Sexism row heats up in Angela Merkel's party after politician says she was called a "big sweet mouse"

The woman has received support from party members but others have questioned her motives.

A MEMBER OF German Chancellor Angela Merkel’s conservative party has received support after she spoke out about vulgar and belittling comments she had been subjected to from another party member.

Christian Democratic Union (CDU) politician Jenna Behrends made national headlines last week when she spoke out against gender discrimination within the party, saying that a member of the Berlin city-state’s government had called her a “big sweet mouse” in front of a group of people.

She said the same official asked another member of the party, using offensive language, whether he was having a sexual relationship with Behrends.

She told Bild that she had received “a lot of positive feedback” for coming forward.

The BBC reports that she said she had received ”party-wide solidarity” since she published an open letter in the Edition F website on Friday.

Peter Tauber, general secretary of the CDU, told the Bild am Sonntag newspaper on Sunday that remarks made public by Berlin Jenn Behrends were not an isolated incident.

“I hear about stories like these again and again, but without names. That makes it hard to do anything about it,” Tauber said.

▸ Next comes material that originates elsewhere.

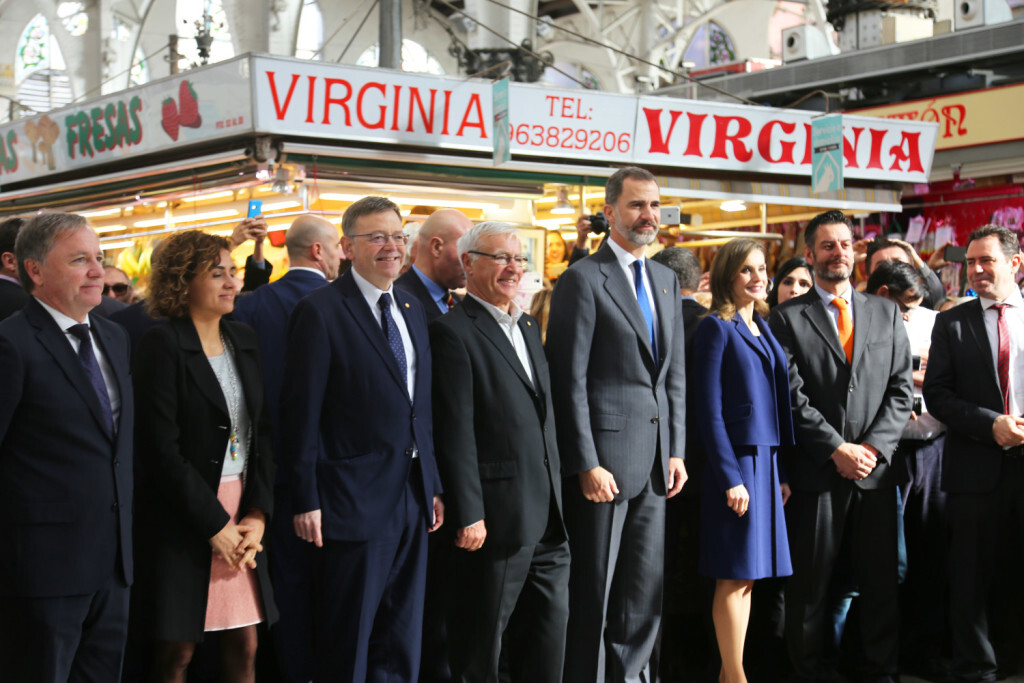 Puig acompaña a Sus Majestades los Reyes en su visita al Mercado Central de Valencia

We need a new sensitivity in all areas of society because sexism is not just a problem in politics.

Behrends hit out at the CDU’s Women’s Union for “shutting itself off” and addressing her complaint “internally”.

Behrends said that some of the CDU women members had painted as ”hungry for promotion” and “ambitious to get elected to chair the Women’s Union herself”.

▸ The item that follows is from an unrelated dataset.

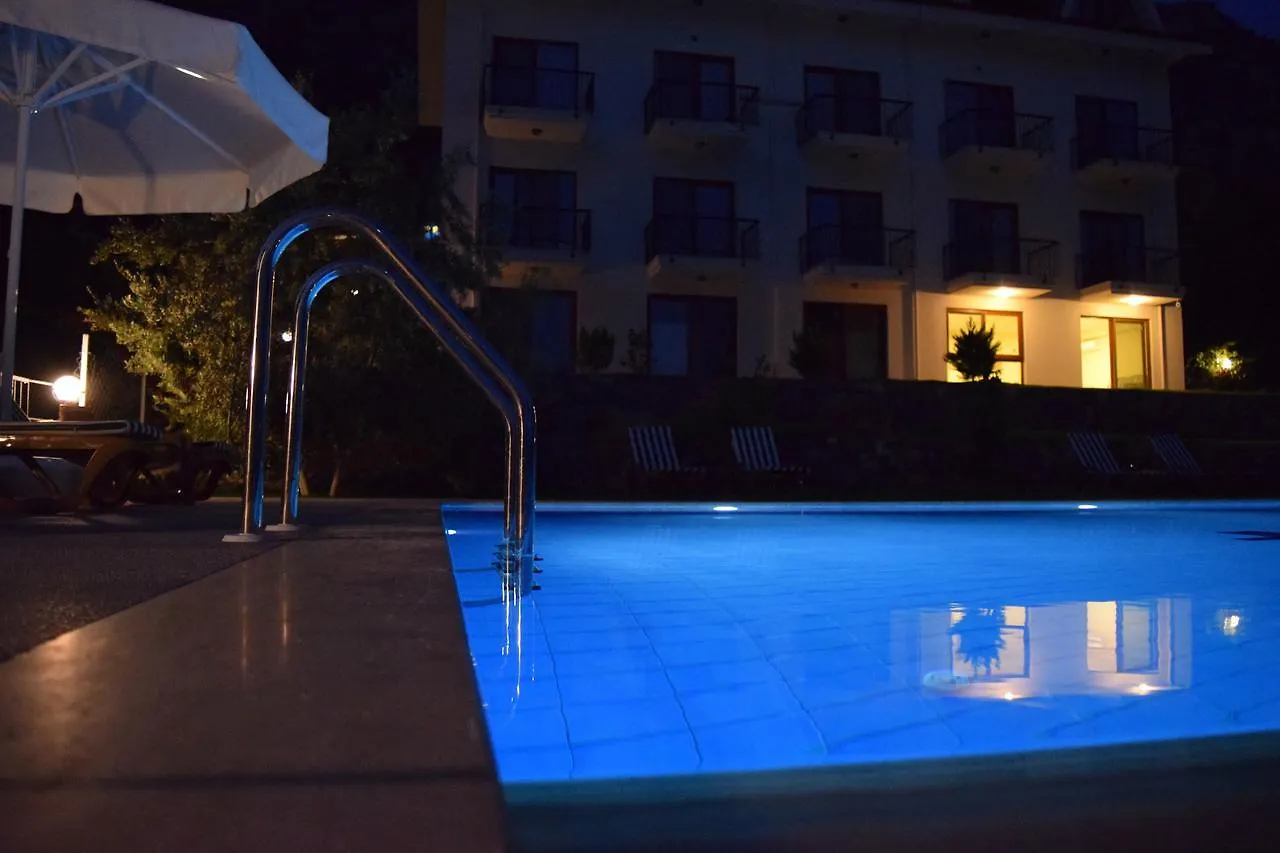 In Forest Goecek Aparthotel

The Women’s Union leader was quoted as saying Behrends was intimate with Bauer.

German news website Der Spiegel quoted Tauber as saying they had flirted before but decided to stay friends.

Shattering conventions

Merkel shattered party conventions when she, as a childless, Protestant woman from the former communist East, became CDU leader in 2000 following a long line of Roman Catholic family men from the west.

The chancellor, who has led Germany since 2005, on Sunday criticised German industry for failing to root out gender inequality on its own, in an interview with business magazine Wirtschaftswoche.

Citing the example of a quota introduced this year requiring Germany’s biggest companies to fill at least 30 percent of their supervisory board seats with women, Merkel lamented that executives in Europe’s top economy had to be forced into fair treatment.

“It is pathetic that in more than 65 years of the federal republic of Germany, it was not possible for the Dax-30 companies to get a few more women on supervisory boards on a voluntary basis,” she said, noting she had long opposed statutory quotas.

“But at some point there had been so many hollow promises that it was clear — this isn’t working.”

Merkel is expected decide by the end of the year whether she will run for a fourth term as chancellor in the 2017 general election.